:: EXERCISE DESCRIPTION ::
Output the line containing "Η Σαραντούλα Παγωνάκη, αξιωματικός" and each line after it through the end of the data, exactly as written, with pictures left out.

::: DATA TO EXAMINE :::

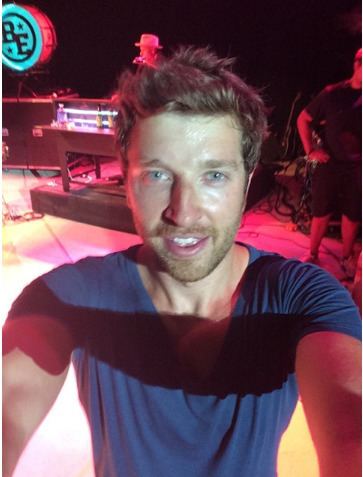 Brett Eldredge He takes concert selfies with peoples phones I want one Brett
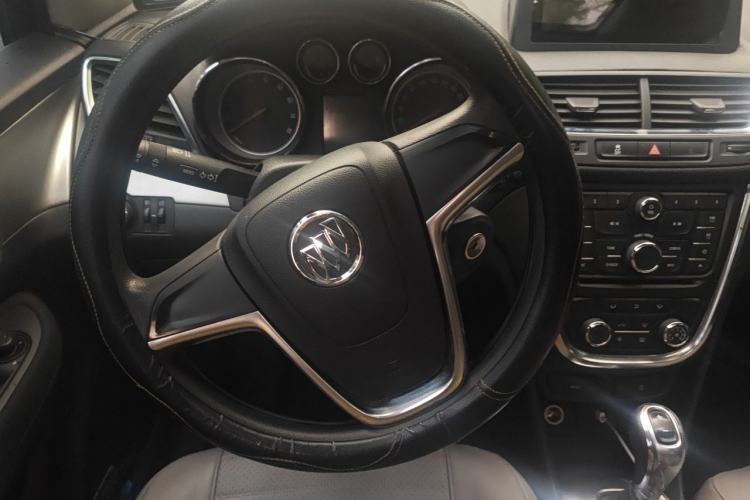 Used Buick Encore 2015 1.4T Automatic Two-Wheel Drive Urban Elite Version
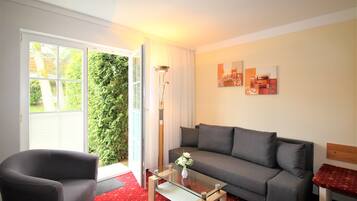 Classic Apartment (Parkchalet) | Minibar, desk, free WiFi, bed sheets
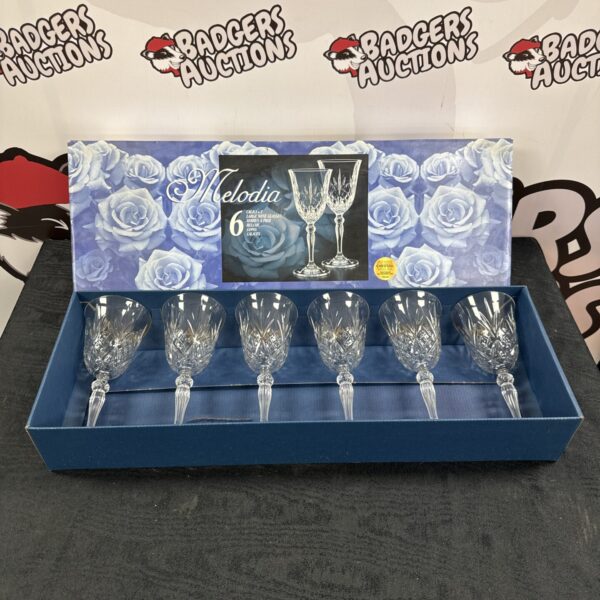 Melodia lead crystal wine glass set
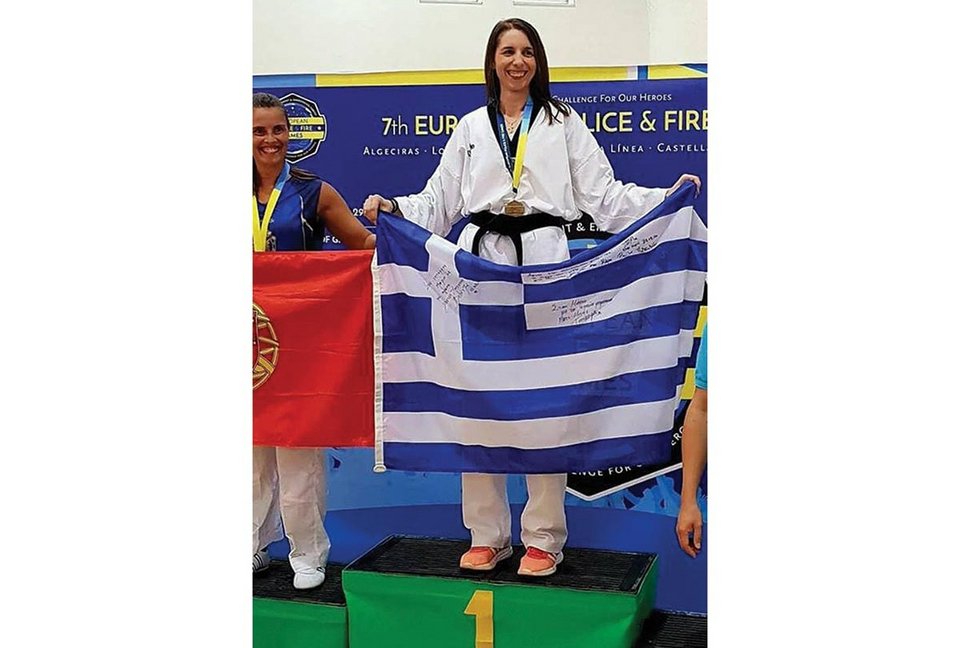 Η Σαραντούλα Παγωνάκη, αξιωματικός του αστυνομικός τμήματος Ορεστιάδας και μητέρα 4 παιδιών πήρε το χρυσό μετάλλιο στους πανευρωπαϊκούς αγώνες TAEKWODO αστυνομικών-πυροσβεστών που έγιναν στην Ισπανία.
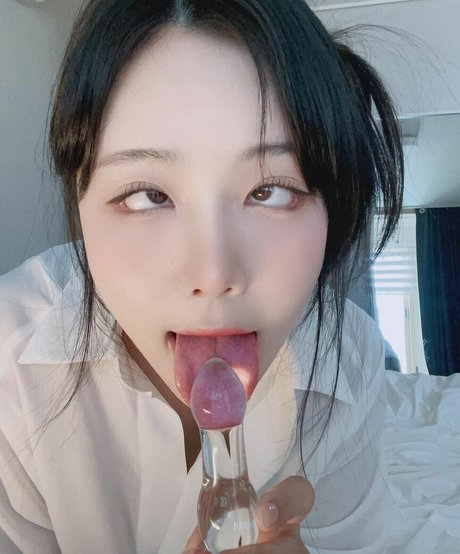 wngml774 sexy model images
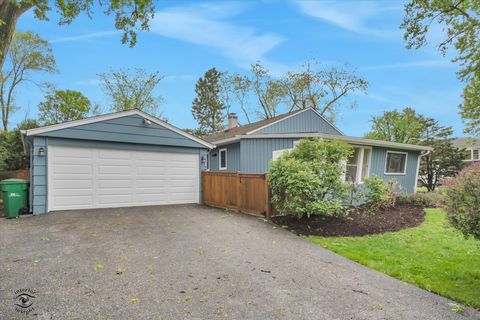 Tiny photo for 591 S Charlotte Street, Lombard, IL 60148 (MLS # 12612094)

:::

:: SOLUTION TO THE EXERCISE ::
 Η Σαραντούλα Παγωνάκη, αξιωματικός του αστυνομικός τμήματος Ορεστιάδας και μητέρα 4 παιδιών πήρε το χρυσό μετάλλιο στους πανευρωπαϊκούς αγώνες TAEKWODO αστυνομικών-πυροσβεστών που έγιναν στην Ισπανία.
 wngml774 sexy model images
 Tiny photo for 591 S Charlotte Street, Lombard, IL 60148 (MLS # 12612094)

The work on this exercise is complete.